FORT SMITH, Ark. — The price you pay for alcohol at bars and restaurants will be going up because of a tax increase in Fort Smith.
“It’s going to affect us in a negative way for sure,” bartender Trisha Crawford said.
The Fort Smith Board of Directors passed an ordinance that will double the current alcohol tax that’s been in place since 1969.
“Obviously if we could go back to normal hours, normal capacity that would help out but still this liquor tax bringing our prices up, making everything harder still,” Crawford said.
The alcohol tax will go from 5% to 10% plus the city’s 9.75% percent sales tax.
Crawford is a bartender at Papa’s Pub and Pizzeria on Garrison Avenue.
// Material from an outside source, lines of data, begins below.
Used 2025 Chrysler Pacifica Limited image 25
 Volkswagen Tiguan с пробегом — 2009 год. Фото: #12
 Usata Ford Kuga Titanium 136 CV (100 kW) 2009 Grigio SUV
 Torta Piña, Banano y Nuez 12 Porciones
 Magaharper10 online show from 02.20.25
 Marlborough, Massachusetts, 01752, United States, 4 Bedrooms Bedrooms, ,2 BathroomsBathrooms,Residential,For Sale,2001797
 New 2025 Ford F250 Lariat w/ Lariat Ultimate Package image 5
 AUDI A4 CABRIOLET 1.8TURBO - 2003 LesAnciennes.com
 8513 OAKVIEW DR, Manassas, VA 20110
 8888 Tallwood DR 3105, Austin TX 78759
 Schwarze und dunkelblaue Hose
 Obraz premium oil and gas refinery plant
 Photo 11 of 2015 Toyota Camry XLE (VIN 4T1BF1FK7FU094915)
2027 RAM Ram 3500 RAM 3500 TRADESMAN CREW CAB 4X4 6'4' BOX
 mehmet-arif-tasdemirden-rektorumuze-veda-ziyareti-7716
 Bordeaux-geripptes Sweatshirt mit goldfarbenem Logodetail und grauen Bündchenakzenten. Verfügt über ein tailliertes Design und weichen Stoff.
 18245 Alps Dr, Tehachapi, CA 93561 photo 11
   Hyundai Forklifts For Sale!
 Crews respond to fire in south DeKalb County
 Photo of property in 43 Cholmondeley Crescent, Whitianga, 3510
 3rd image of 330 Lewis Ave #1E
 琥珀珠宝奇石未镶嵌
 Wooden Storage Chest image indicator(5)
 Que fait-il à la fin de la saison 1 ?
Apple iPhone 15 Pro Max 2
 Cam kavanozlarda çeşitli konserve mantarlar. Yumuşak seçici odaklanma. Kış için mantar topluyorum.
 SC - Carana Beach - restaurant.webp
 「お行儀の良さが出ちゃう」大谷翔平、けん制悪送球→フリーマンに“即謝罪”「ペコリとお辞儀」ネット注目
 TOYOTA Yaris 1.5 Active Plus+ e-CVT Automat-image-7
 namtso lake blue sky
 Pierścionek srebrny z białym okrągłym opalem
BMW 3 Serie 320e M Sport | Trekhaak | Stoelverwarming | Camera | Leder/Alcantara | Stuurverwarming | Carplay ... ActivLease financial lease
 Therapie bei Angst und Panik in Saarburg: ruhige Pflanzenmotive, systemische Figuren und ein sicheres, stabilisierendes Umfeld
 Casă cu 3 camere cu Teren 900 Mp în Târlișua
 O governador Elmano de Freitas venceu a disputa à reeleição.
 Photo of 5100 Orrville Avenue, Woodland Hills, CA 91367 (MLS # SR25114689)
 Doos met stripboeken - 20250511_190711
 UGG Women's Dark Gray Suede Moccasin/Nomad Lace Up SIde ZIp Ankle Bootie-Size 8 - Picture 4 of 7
She says raising prices for their customers isn’t something they want to do after such a trying year.
“We’re definitely going to have to raise the prices if the liquor tax goes up, which isn’t fun for the customers but it’s something we just have to do to stay on top of everything," she said. "We don’t want to go under, we are a small, locally owned business."
The board of directors did decide to hold off on implementing the alcohol tax increase until December of 2021 to give people more time to assess if this is something we need and because of the ongoing pandemic.
“We are very understanding of where they are at with what’s going on but the amount, we raised it at is also what other cities in the state of Arkansas, some of the larger cities have, so we are matching what they do,” Director Kevin Settle.
Settle says the money from the alcohol tax will go to fund public safety.
“We need to continue to receive some fund on our police and fire departments," he said said. "Obviously, with everything going on we need to make sure they are fully funded and so this was one of those ways we thought would be the best and have the least impact on everybody in the city."
The Fort Smith Board of Directors did put a clause in the ordinance that will allow them to revisit the alcohol tax increase issue in October of 2021 ahead of it being put into place in December of 2021.